• **REQUIREMENT**
Retype word for word the stretch of entries below from the line that has "Vincenzo Italiano, dopo" through the line that has "Free Real Estate", and omit the pictures.

• **AVAILABLE DATA**

+--

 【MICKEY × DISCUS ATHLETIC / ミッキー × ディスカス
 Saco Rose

+--

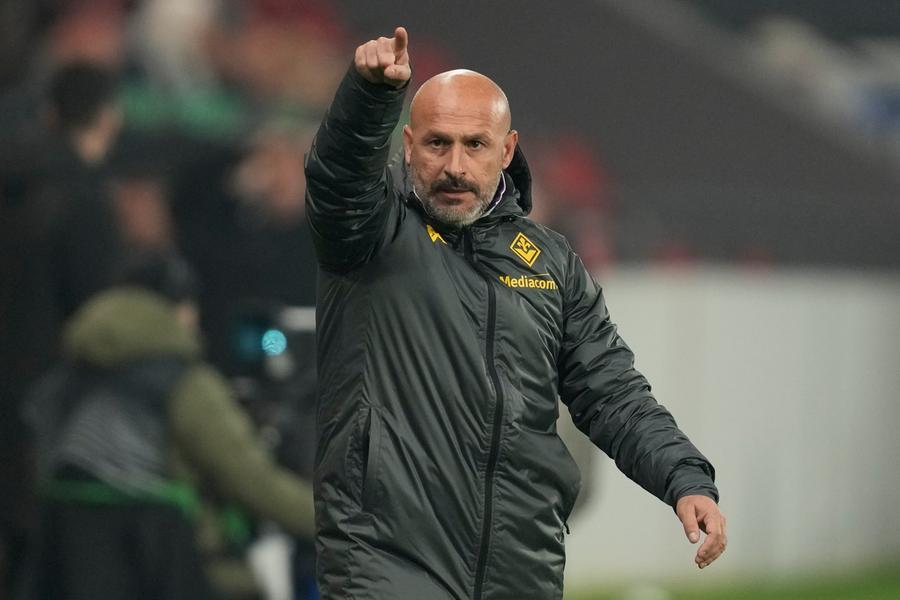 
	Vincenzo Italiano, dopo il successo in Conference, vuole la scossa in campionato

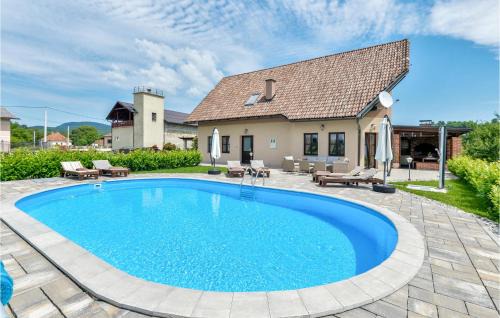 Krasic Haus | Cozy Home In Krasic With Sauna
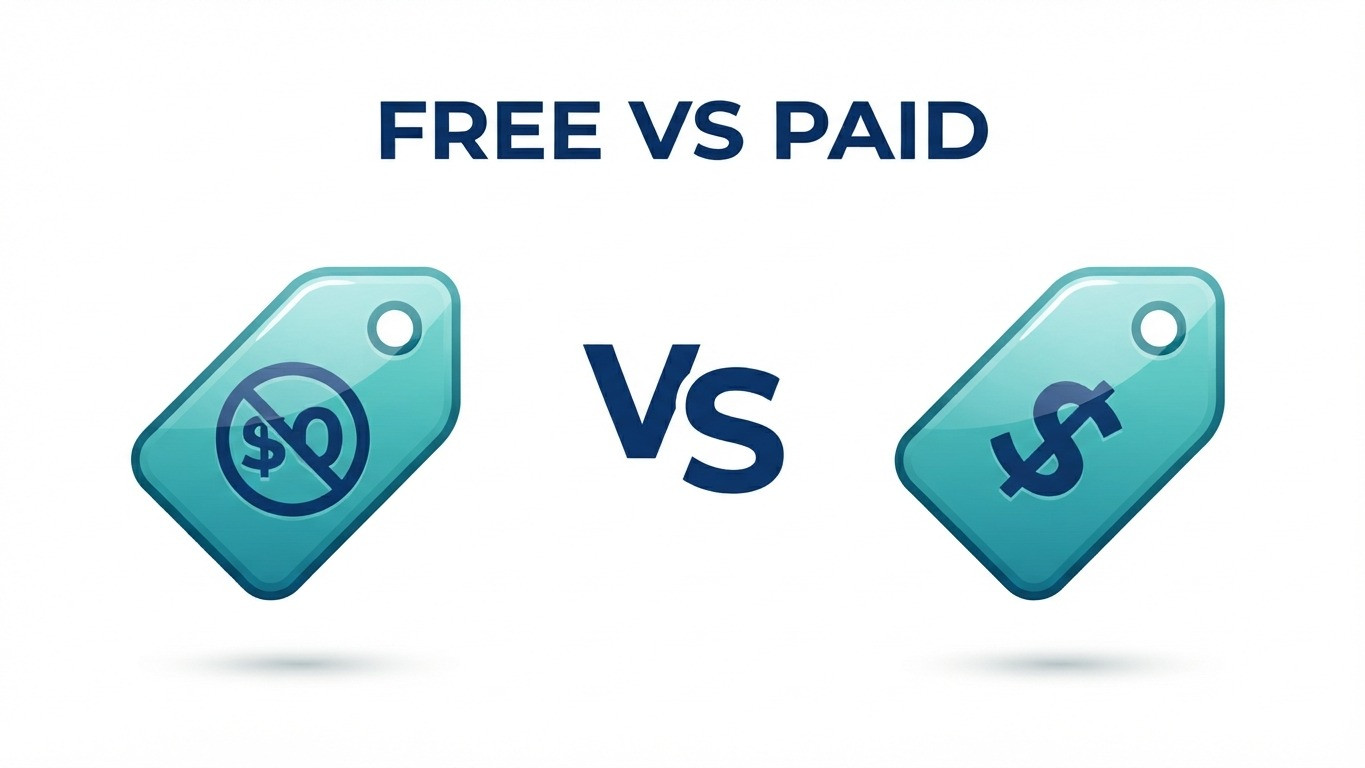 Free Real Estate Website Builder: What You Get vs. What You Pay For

+--

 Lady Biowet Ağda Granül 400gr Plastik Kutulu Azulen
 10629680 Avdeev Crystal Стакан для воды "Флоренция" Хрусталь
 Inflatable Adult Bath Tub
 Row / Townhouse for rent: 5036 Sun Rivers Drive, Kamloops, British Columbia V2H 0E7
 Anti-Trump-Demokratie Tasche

+--

• **RESPONSE TO THE EXERCISE**
	Vincenzo Italiano, dopo il successo in Conference, vuole la scossa in campionato

 Krasic Haus | Cozy Home In Krasic With Sauna
 Free Real Estate Website Builder: What You Get vs. What You Pay For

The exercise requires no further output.